CRCritically EndangeredPartial review

Bornean Orangutan

Pongo pygmaeus

Bornean orangutan (Pongo pygmaeus), a shaggy reddish great ape in a tree.

Bornean orangutan (Pongo pygmaeus), Tanjung Puting, Borneo.

Image: Thomas Fuhrmann, CC BY-SA 4.0, via Wikimedia Commons.

At a glance

IUCN category
CR · Critically Endangered
Animal group
Mammals
Population trend
Decreasing
Last verified

Conservation overview

The Bornean orangutan is one of three orangutan species, a large, mostly solitary, tree-dwelling great ape. It is assessed as Critically Endangered.

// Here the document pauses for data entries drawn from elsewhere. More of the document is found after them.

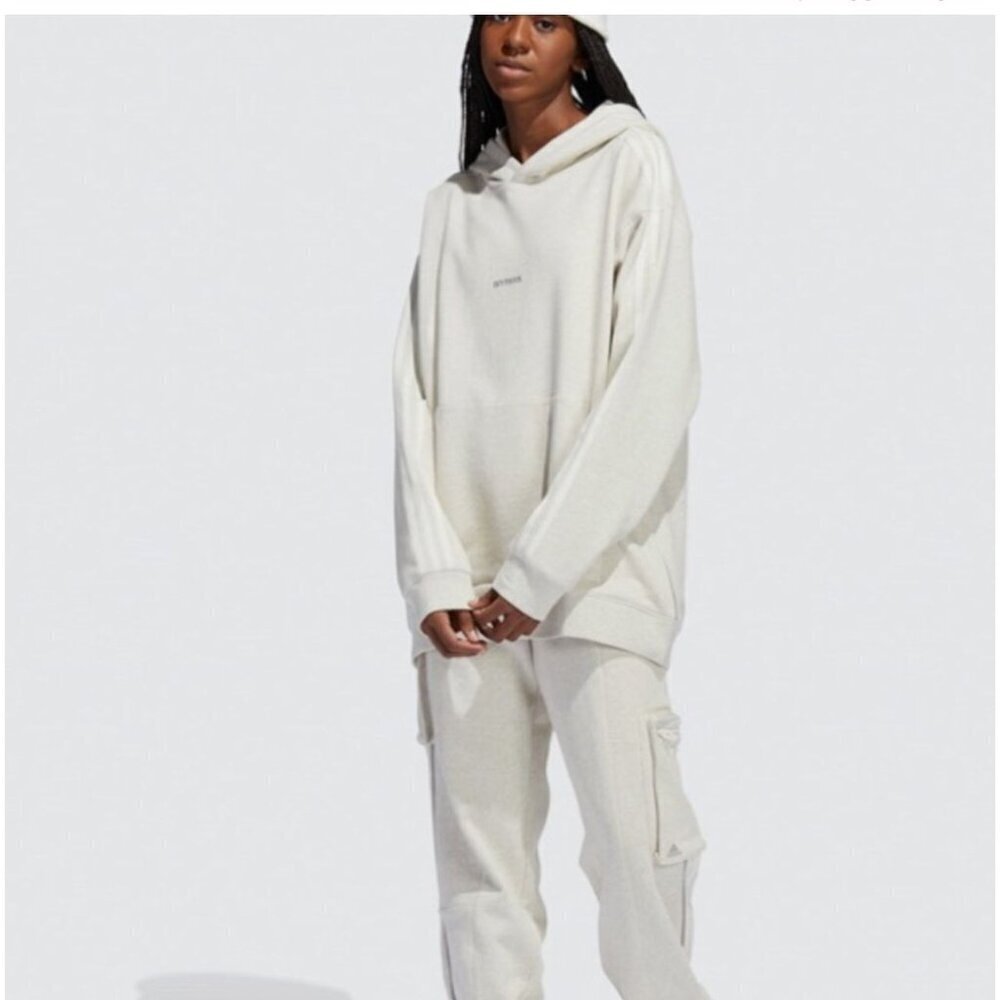 IVY PARK x Adidas Beyonce Ivory Tunic Cargo Hoodie Sweatshirt Women's Size Large - Picture 3 of 12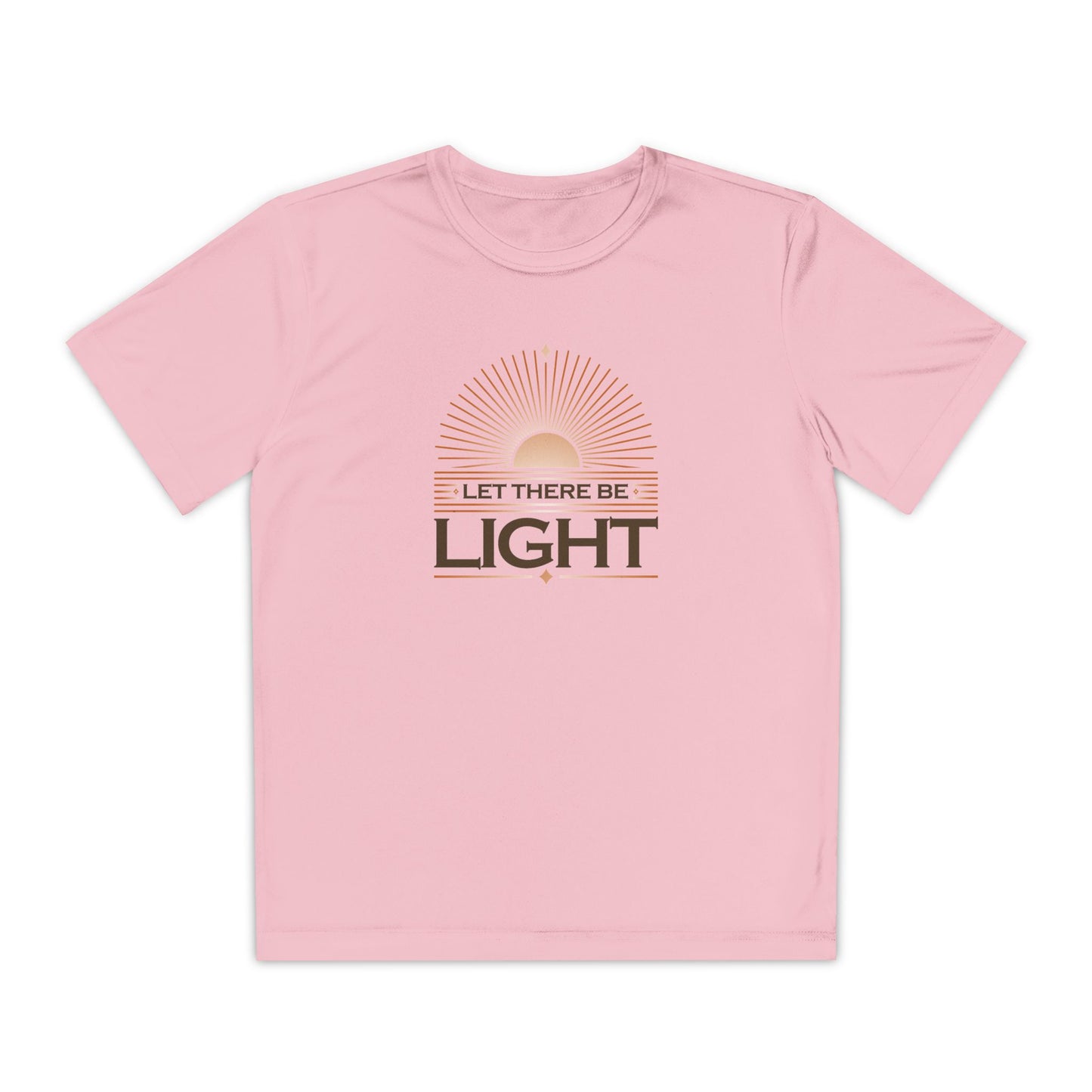 "Let There Be Light" Unisex Youth Competitor Tee - The Shield of Light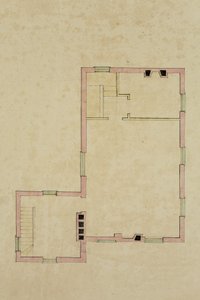 Plan du deuxième étage de la villa proposée à Catskill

Like all orangutans it reproduces very slowly, so populations recover only gradually.

Range & habitat

The island of Borneo, shared by Indonesia and Malaysia.

Major threats

Threats below are drawn from the authoritative sources listed on this page. For the current, complete assessment, see the IUCN Red List.

  • Deforestation for agriculture and palm oil
  • Habitat fragmentation
  • Killing and illegal capture

Why it matters

As a large, fruit-eating ape, the Bornean orangutan disperses rainforest seeds and is a flagship for protecting Borneo's threatened forests.

A Bornean orangutan in the forest.

Bornean orangutan (Pongo pygmaeus), Kalimantan.

Image: Ridwan0810, CC BY-SA 4.0, via Wikimedia Commons.

Sources

Frequently Asked Questions

How many orangutan species are there?
Three: the Bornean, Sumatran, and Tapanuli orangutans. All three are assessed as Critically Endangered.
Why is the Bornean orangutan Critically Endangered?
Published assessments cite deforestation (including for palm oil), habitat fragmentation, and killing or capture, compounded by a naturally slow reproductive rate. See the IUCN Red List.